Voies rapides extrapyramaniques, ont des connexions étendues dans le tronc cérébral et avec le cortex cérébral, qui a repris les fonctions de contrôle et de gestion du système extrapyramidal. Un certain nombre de voies du système extrapyramidal sont distinguées: 1) la colonne vertébrale rouge-nucléaire; 2) le vestibule; 3) Chemin cérébelleux cortico-cérébelleux.

La voie de la moelle épinière, tractus rubrospindlis, fait partie de l'arc réflexe, dont le lien principal est la voie proprioceptive vertébrale-cérébelleuse. Ce chemin provient du noyau rouge, passe du côté opposé (croix de truite) et descend dans la moelle latérale de la moelle épinière, se terminant sur les cellules motrices de la moelle épinière.

Un lien important dans la coordination des fonctions motrices du corps humain est le vestibule, le tractus ves - tibulospinalis. Il relie les noyaux de l'appareil vestibulaire aux cornes antérieures de la moelle épinière et fournit la réponse d'installation du corps en déséquilibre. Les axones des cellules du noyau vestibulaire latéral, ainsi que le noyau vestibulaire inférieur du nerf cochléaire vestibulaire, participent à la formation du canal rachidien pré-porte.
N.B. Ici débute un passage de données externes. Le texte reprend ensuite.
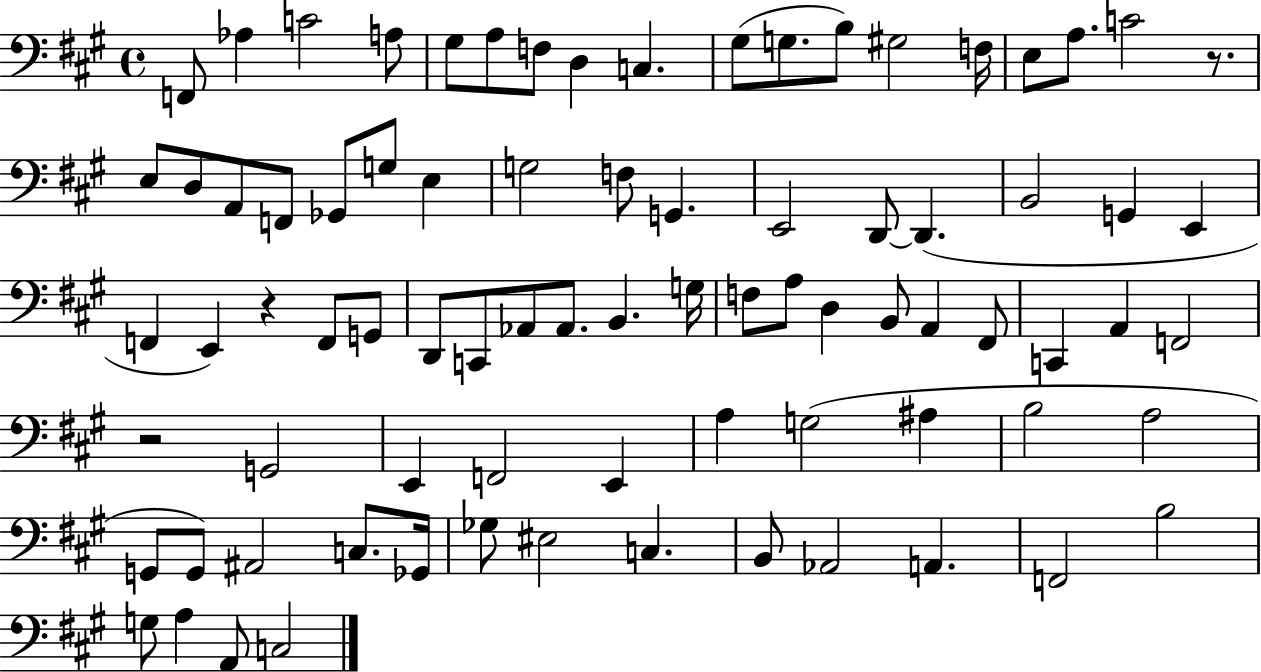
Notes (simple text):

F2/e Ab3/q C4/h A3/e G#3/e A3/e F3/e D3/q C3/q. G#3/e G3/e. B3/e G#3/h F3/s E3/e A3/e. C4/h R/e. E3/e D3/e A2/e F2/e Gb2/e G3/e E3/q G3/h F3/e G2/q. E2/h D2/e D2/q. B2/h G2/q E2/q F2/q E2/q R/q F2/e G2/e D2/e C2/e Ab2/e Ab2/e. B2/q. G3/s F3/e A3/e D3/q B2/e A2/q F#2/e C2/q A2/q F2/h R/h G2/h E2/q F2/h E2/q A3/q G3/h A#3/q B3/h A3/h G2/e G2/e A#2/h C3/e. Gb2/s Gb3/e EIS3/h C3/q. B2/e Ab2/h A2/q. F2/h B3/h G3/e A3/q A2/e C3/h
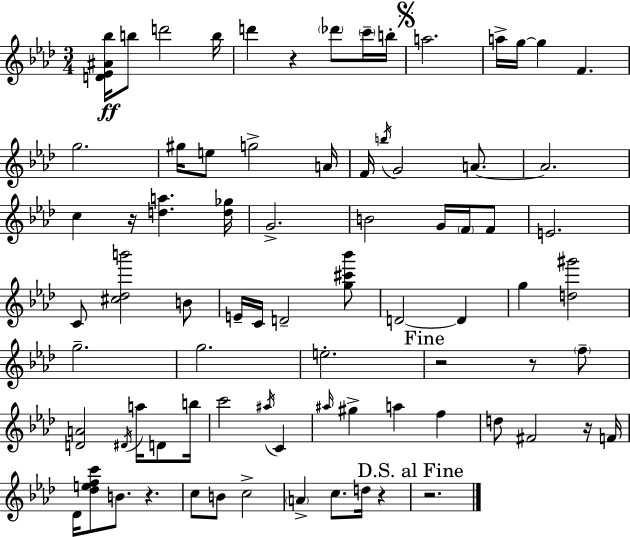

Ces fibres descendent dans la partie latérale de la moelle antérieure de la moelle épinière (à la frontière avec la latérale) et se terminent sur les cellules motrices des cornes antérieures de la moelle épinière.

Les fonctions du cervelet, qui est impliquée dans la coordination des mouvements de la tête, du tronc et des membres et, à leur tour, sont associées aux noyaux rouges et à l'appareil vestibulaire, sont réalisées à partir du cortex cérébral à travers le pont le long de la voie corticale-cérébelleuse, du tractus corticopontocerebellaris. Cette voie se compose de deux neurones. Les corps cellulaires du premier neurone se trouvent dans le cortex des lobes frontal, temporal, pariétal et occipital. Les cellules des noyaux du pont avec leurs processus constituent le deuxième neurone de la voie cérébelleuse cortex-cérébelleux.